After Christmas, I hand carried a request for a compassionate leave through higher headquarters (it was turned down). I also began my own outprocessing, walking from office to office, getting signatures and approvals. At the brigade awards and decorations office, a clerk handed me boxes of medals. Then I was gone, signing out of Alpha Company, 2nd Battalion 8th Cavalry, 1st Cavalry Division (Airmobile) on 29 DEC 71 and reporting to the 90th Replacement Battalion, the same place where I came in-country 378 days before. To enter the battalion, I first passed through the Pee House of the August Moon where I gave a urine sample under the watchful eye of an MP who sat in a lifeguard-like chair looking down a row of urinals with mirrors placed so he could ensure that we in fact providing our own samples (wonderful duty, I am sure). Next we went through baggage inspection where I tossed an empty cigarette package into the contraband bin (the label was written in Thai, it was a souvenir of cigarettes reloaded with pot and I was taking no chances). One of the MP’s hassled me about it even though they said no questions would be asked about anything turned in. Nothing came of it.

Once in the replacement battalion, I was pretty sure I would have to wait three full days because that was the time required to qualify for my early out. My memories of the battalion from the previous year were pretty good, mainly because I had access to a library. Not so this time. We were restricted to the battalion area and mustered twice daily to learn if our name would be on the next flight manifest. The library wasn’t available to me as a transient and the available PX had nothing worth reading so I shot a lot of pool between formations and meals. While I waited, guys I knew from my old battalion were getting their 30 drops, arriving at the 90th Replacement and leaving on the next available flight. Even the guy whose compassionate leave had been disapproved show up and departed. I waited with nothing to do. New Year’s Eve was much the same as last year–flares and tracer rounds–but I knew that the danger was behind me. All I wanted to do was leave.

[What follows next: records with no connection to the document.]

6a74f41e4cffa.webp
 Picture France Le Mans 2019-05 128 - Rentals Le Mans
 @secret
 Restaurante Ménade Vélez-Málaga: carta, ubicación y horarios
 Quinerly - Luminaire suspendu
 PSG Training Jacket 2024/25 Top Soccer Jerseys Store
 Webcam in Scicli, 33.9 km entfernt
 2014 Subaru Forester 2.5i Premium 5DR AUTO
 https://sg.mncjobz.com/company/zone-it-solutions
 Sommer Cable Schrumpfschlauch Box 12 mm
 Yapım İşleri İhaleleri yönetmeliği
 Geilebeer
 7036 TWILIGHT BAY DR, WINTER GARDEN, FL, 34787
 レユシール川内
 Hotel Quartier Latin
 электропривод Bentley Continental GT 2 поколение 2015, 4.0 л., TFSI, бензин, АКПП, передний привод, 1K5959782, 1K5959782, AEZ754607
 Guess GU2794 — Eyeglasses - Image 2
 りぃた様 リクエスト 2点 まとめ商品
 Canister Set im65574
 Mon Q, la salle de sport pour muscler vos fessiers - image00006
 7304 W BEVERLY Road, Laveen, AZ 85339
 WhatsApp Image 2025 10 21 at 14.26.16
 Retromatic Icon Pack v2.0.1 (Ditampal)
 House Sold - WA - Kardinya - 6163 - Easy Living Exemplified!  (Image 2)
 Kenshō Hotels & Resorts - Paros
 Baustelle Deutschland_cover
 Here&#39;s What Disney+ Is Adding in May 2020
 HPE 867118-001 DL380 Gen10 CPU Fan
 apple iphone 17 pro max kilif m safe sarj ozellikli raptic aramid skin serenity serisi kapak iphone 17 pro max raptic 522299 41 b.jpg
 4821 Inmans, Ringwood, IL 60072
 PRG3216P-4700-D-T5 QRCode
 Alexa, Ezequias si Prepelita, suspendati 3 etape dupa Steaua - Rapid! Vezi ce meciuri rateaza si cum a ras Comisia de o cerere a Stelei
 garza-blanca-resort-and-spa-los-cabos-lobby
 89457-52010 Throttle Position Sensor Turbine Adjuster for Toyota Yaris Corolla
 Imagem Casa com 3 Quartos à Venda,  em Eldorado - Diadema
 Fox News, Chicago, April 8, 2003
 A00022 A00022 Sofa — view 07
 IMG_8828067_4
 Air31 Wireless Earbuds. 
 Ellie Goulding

I woke up on January 2, 1972 to the sound of the Rose Bowl on the radio. I anticipated the day’s formations, expecting to hear my name called. My Class A summer uniform was ready, all I needed was a seat. My name showed up on the evening flight. Finally. Around 6:00 pm we boarded busses for the trip to the air base and sat in the same hangar I remembered from my arrival a lifetime ago. My plane left the ground to the sound of cheers somewhere around eight o’clock.

postscript


Because I know the feeling of separation during the holidays, I send hearty greetings to the many men and women now serving in the military. I hope you will soon be united with your loved ones, never to deploy again.